**WHAT IS NEEDED**
Each entry that follows is to be duplicated exactly, without its images.

**THE INPUT**
# # # #

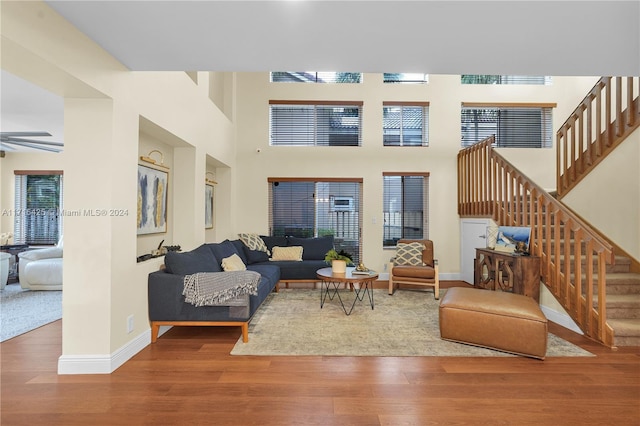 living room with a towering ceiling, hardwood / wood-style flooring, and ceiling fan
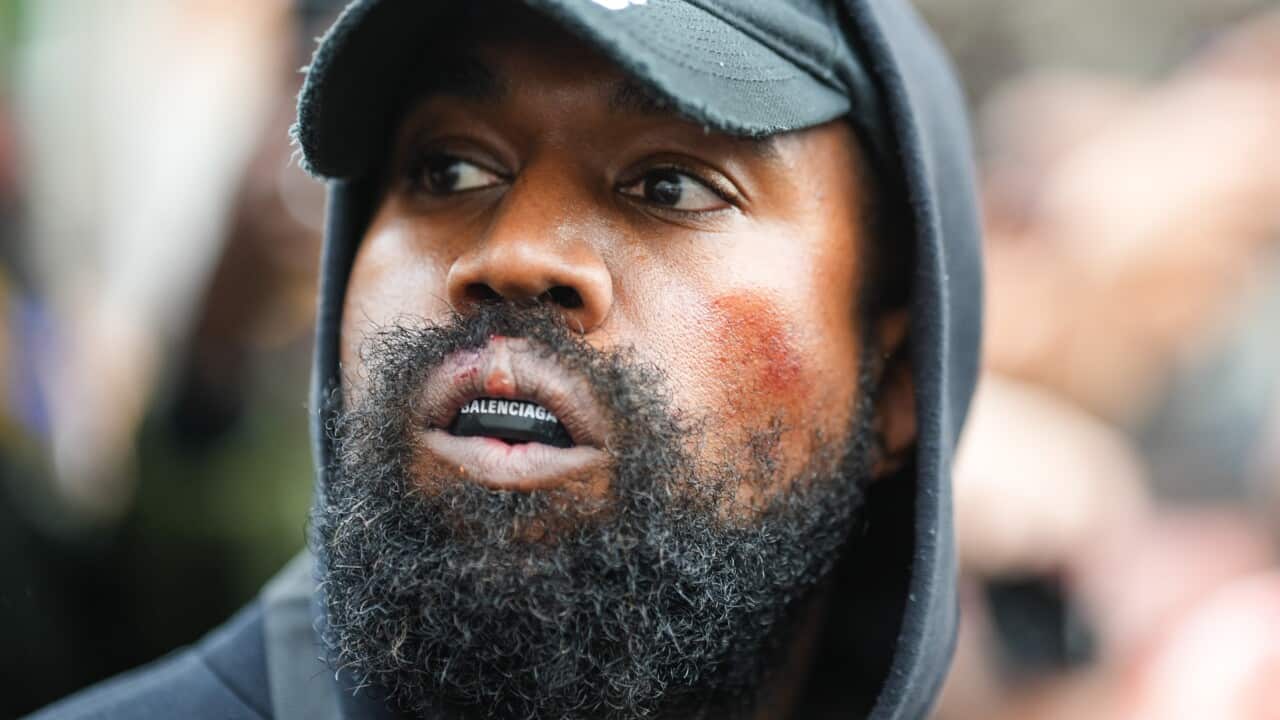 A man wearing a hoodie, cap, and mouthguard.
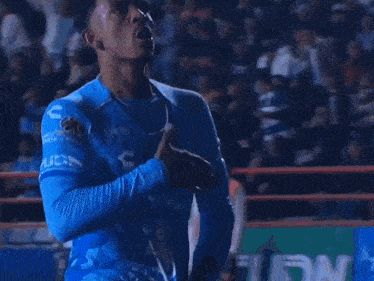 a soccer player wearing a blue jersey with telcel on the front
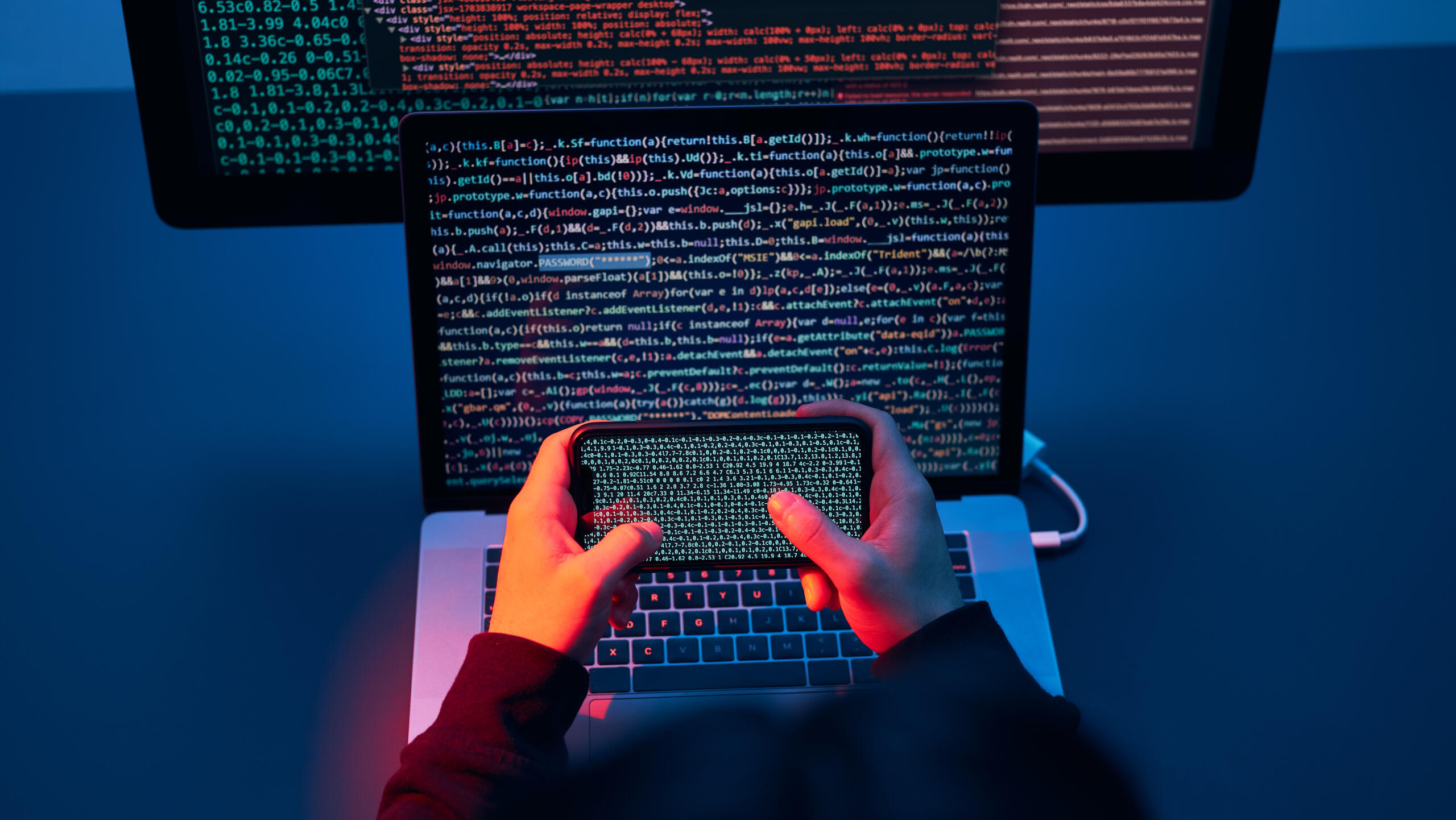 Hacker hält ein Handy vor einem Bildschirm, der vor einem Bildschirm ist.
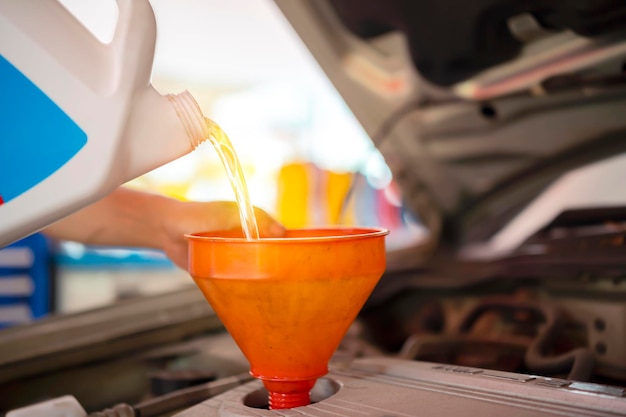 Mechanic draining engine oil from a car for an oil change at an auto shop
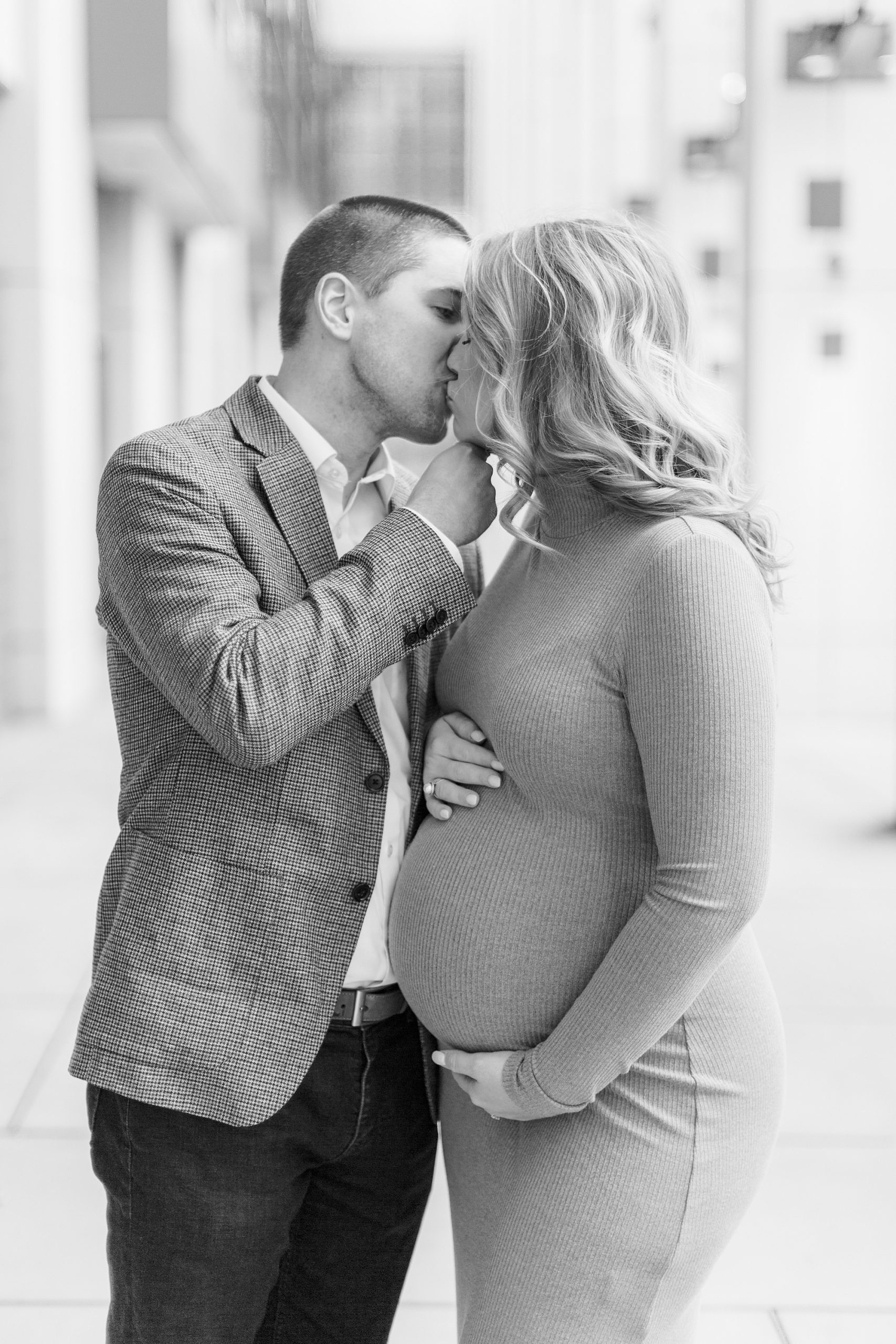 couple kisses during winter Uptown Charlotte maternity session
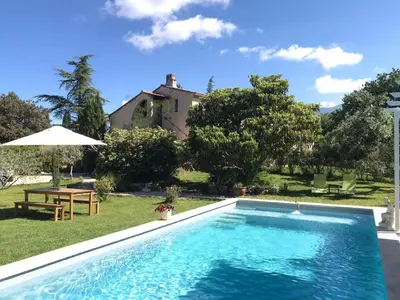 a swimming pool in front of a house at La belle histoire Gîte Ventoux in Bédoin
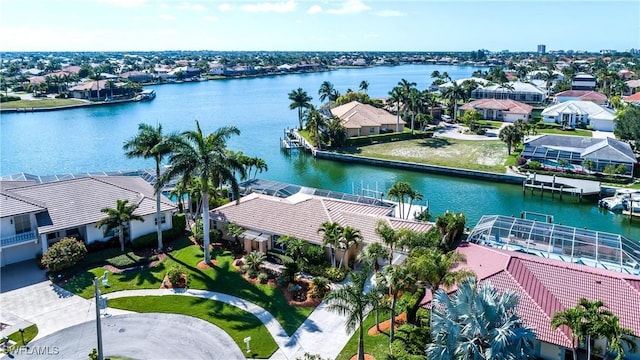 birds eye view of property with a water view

# # # #

**YOUR RESPONSE**
 living room with a towering ceiling, hardwood / wood-style flooring, and ceiling fan
 A man wearing a hoodie, cap, and mouthguard.
 a soccer player wearing a blue jersey with telcel on the front
 Hacker hält ein Handy vor einem Bildschirm, der vor einem Bildschirm ist.
 Mechanic draining engine oil from a car for an oil change at an auto shop
 couple kisses during winter Uptown Charlotte maternity session
 a swimming pool in front of a house at La belle histoire Gîte Ventoux in Bédoin
 birds eye view of property with a water view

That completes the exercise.